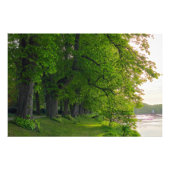 Impression Photo Arbres (Devant)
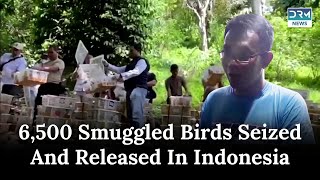 Massive Bird Smuggling Operation Uncovered in Indonesia6500 Birds Freed News TodayDRM News AO1E [upl. by Vastah739]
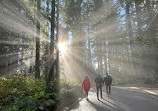 Lynn Canyon Suspension Bridge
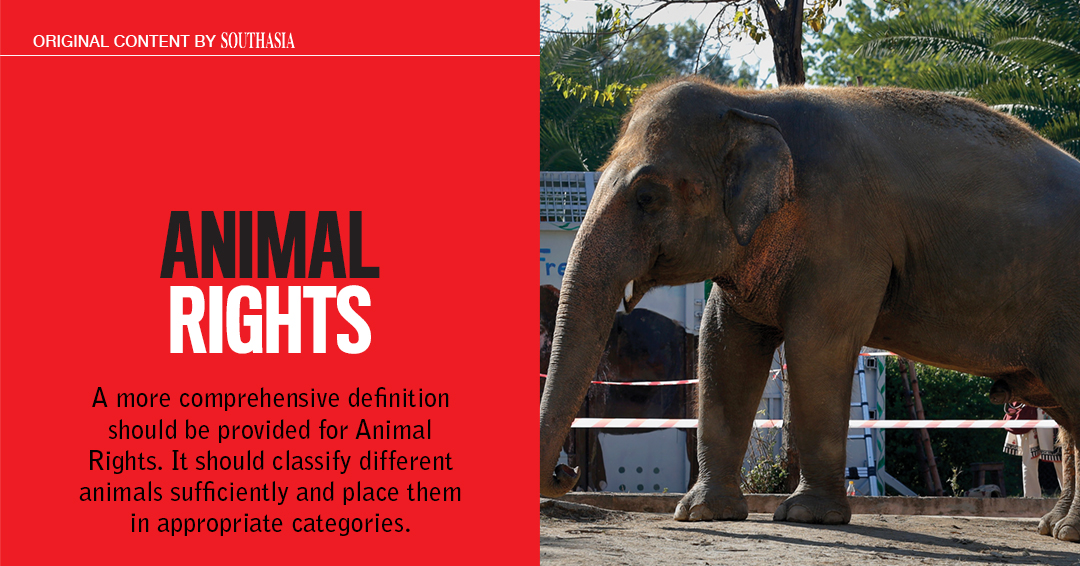 Animal Rights | SouthAsia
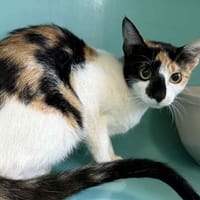 KIMCHI, chatte à adopter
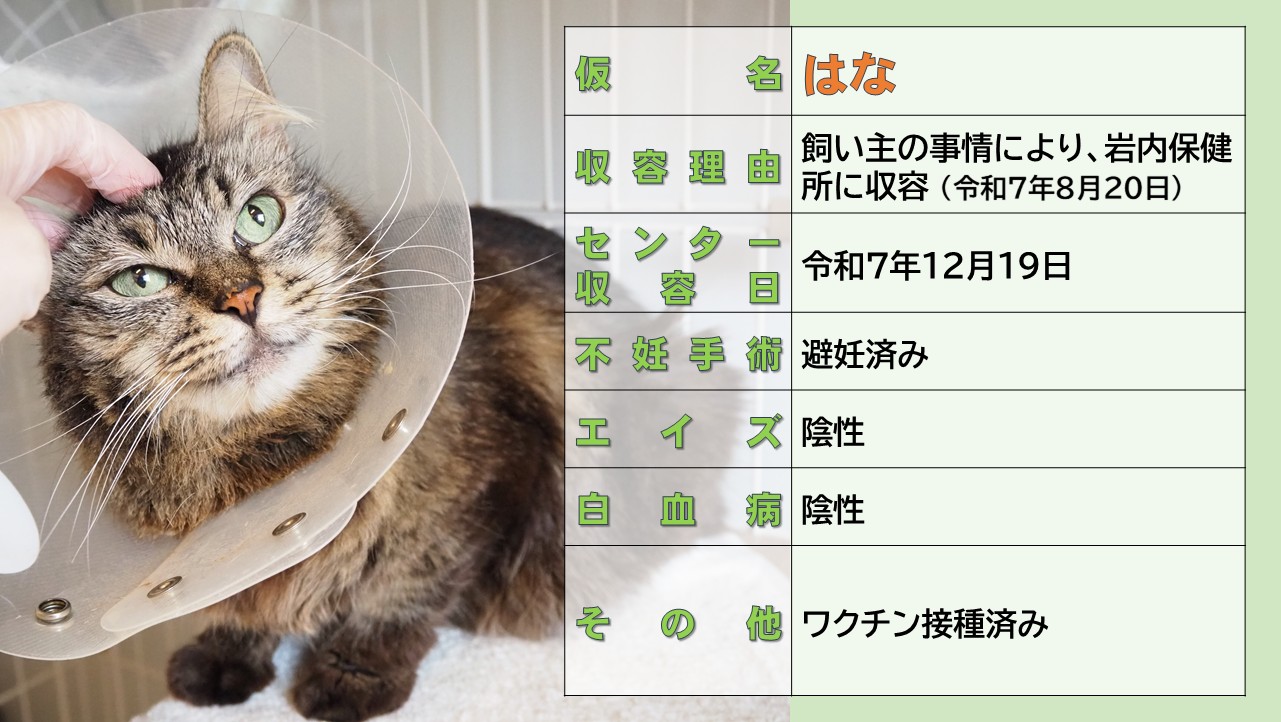 ミックス全般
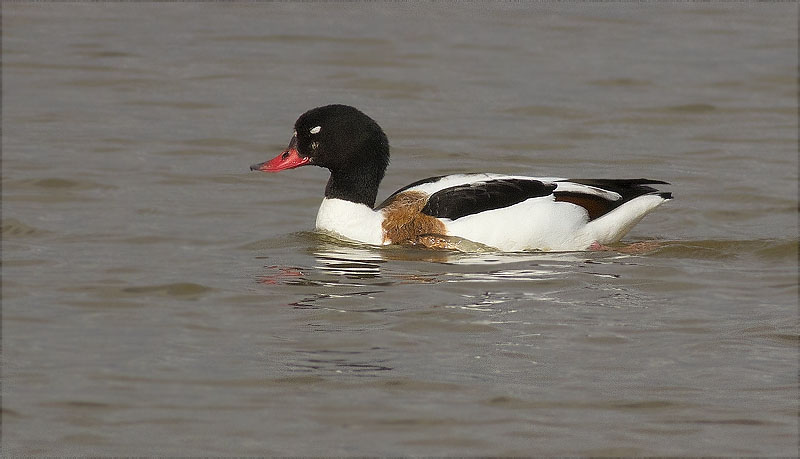 Femella d'Ànec blanc (Tadorna tadorna)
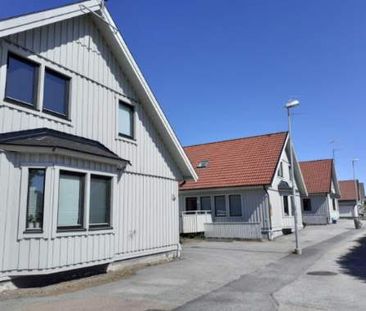 Lingonstigen, Hunnebostrand - Photo 2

☆ ☆ ☆ ☆ ☆ ☆ ☆

▶ [What the task asks]: Print each line above exactly as it appears, excluding all images.

▶ [Answer section]:
 Impression Photo Arbres (Devant)
 Massive Bird Smuggling Operation Uncovered in Indonesia6500 Birds Freed News TodayDRM News AO1E [upl. by Vastah739]
 Lynn Canyon Suspension Bridge
 Animal Rights | SouthAsia
 KIMCHI, chatte à adopter
 ミックス全般
 Femella d'Ànec blanc (Tadorna tadorna)
 Lingonstigen, Hunnebostrand - Photo 2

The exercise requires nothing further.